PROBLEM REQUIREMENTS:
Below are records with pictures in them. Transcribe everything from the line containing "Photo of Koda" down to the line containing "Αγροτεμάχια 5.500 τ.μ.", exactly, and leave the pictures behind.

TASK MATERIAL:
*** Block opens ***

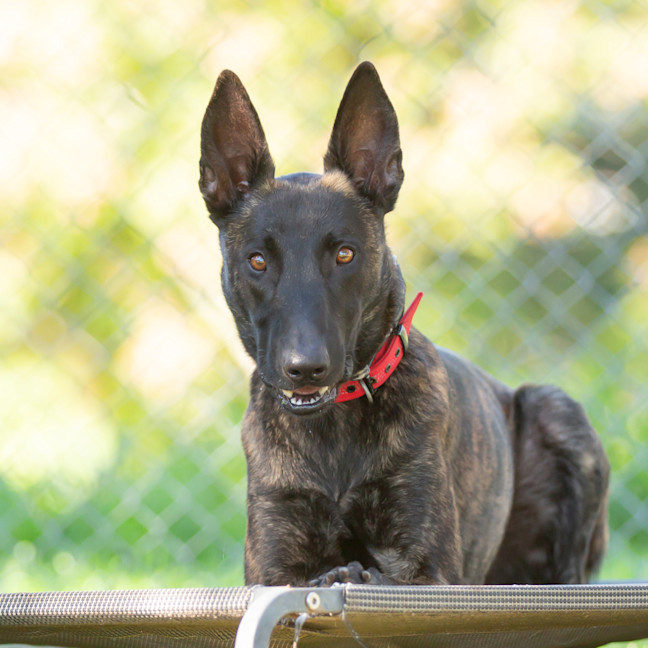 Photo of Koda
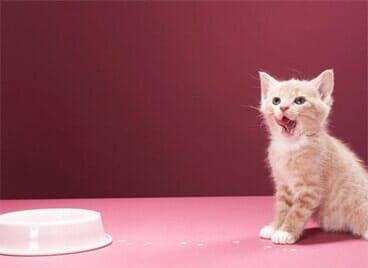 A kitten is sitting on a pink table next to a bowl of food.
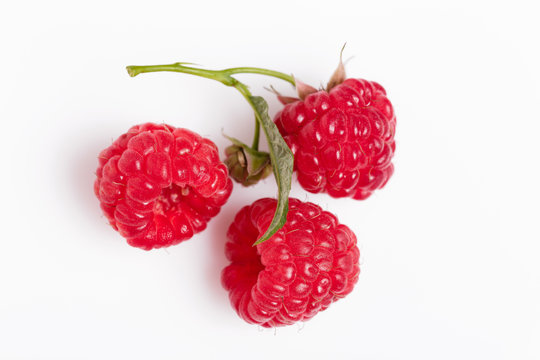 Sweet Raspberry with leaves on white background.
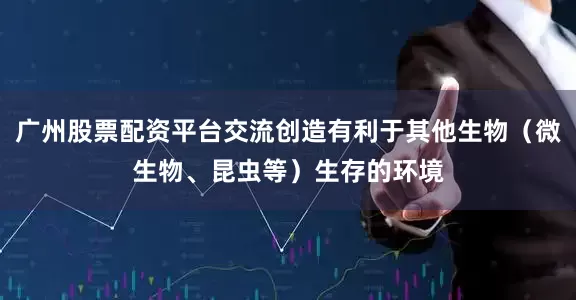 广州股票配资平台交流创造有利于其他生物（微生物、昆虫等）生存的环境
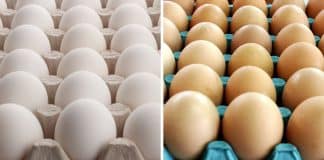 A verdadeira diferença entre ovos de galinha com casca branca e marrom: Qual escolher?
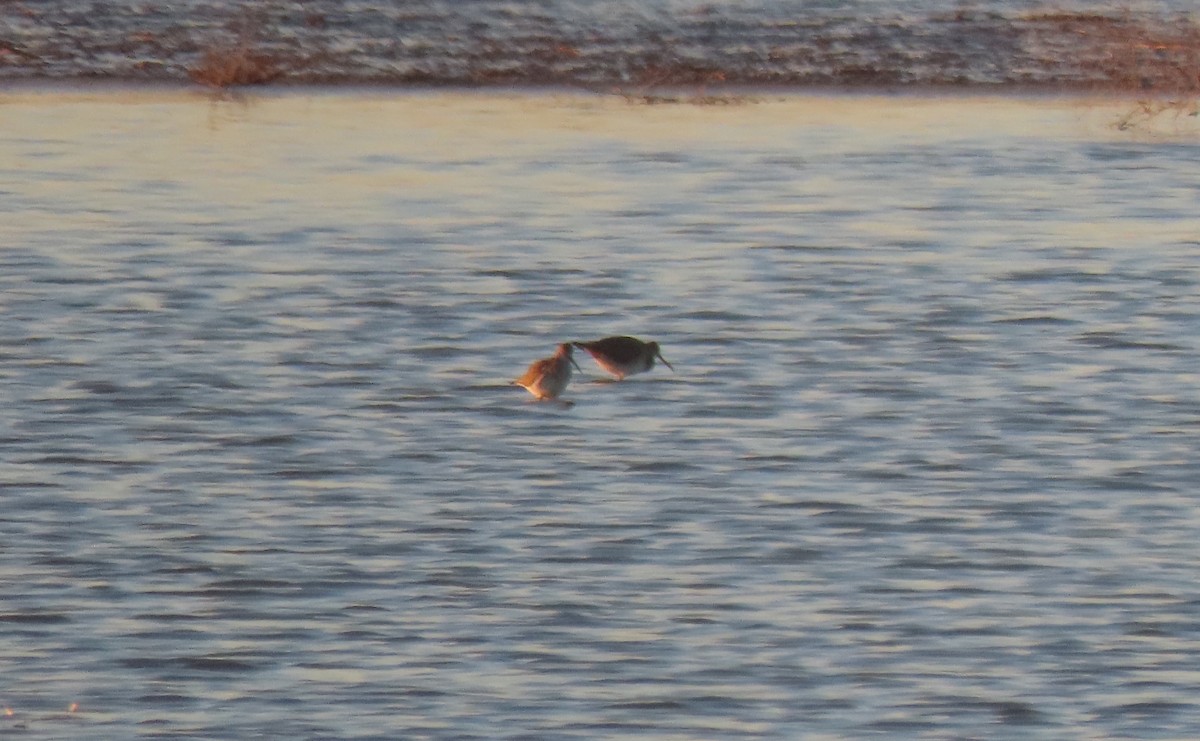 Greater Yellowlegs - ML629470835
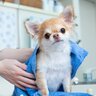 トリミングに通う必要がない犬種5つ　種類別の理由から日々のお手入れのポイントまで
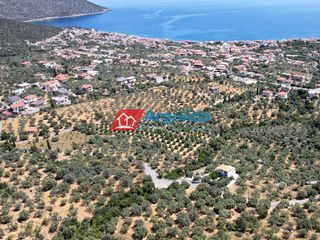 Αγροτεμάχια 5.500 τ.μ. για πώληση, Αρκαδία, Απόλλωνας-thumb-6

*** Block closes ***
*** Block opens ***

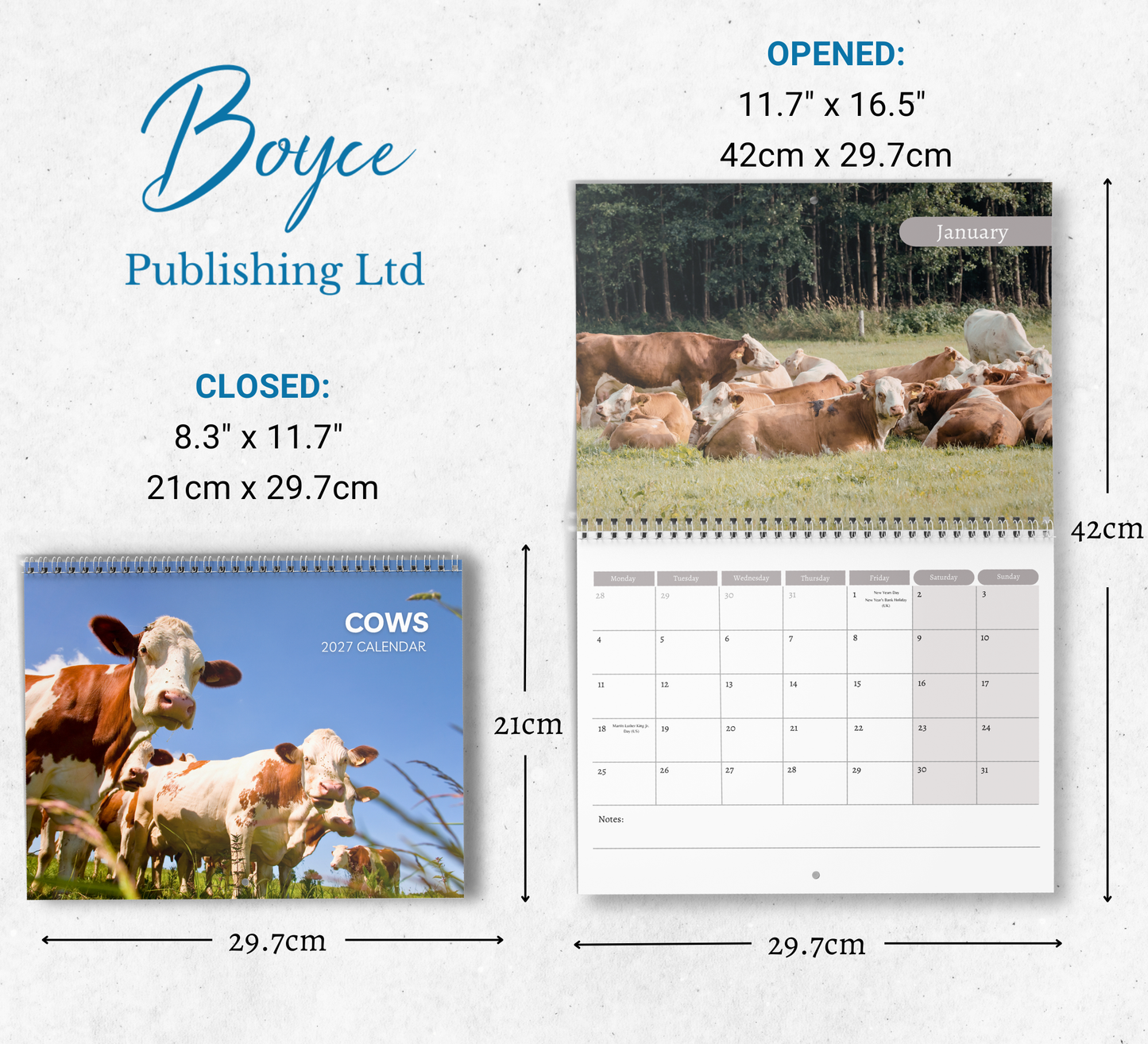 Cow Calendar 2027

*** Block closes ***
*** Block opens ***

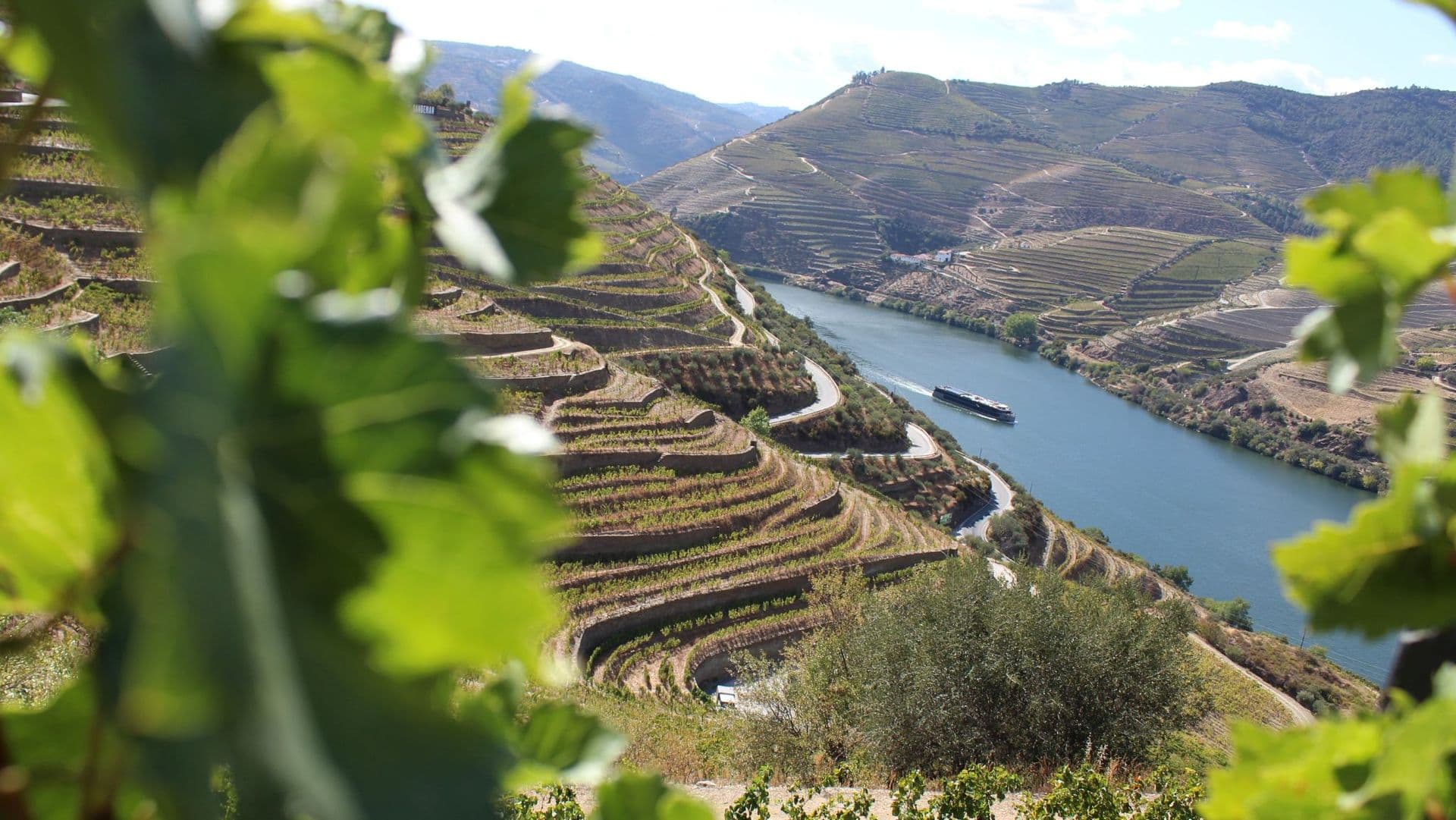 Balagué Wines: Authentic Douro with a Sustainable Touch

*** Block closes ***

YOUR RESPONSE:
 Photo of Koda
 A kitten is sitting on a pink table next to a bowl of food.
 Sweet Raspberry with leaves on white background.
 广州股票配资平台交流创造有利于其他生物（微生物、昆虫等）生存的环境
 A verdadeira diferença entre ovos de galinha com casca branca e marrom: Qual escolher?
 Greater Yellowlegs - ML629470835
 トリミングに通う必要がない犬種5つ　種類別の理由から日々のお手入れのポイントまで
 Αγροτεμάχια 5.500 τ.μ. για πώληση, Αρκαδία, Απόλλωνας-thumb-6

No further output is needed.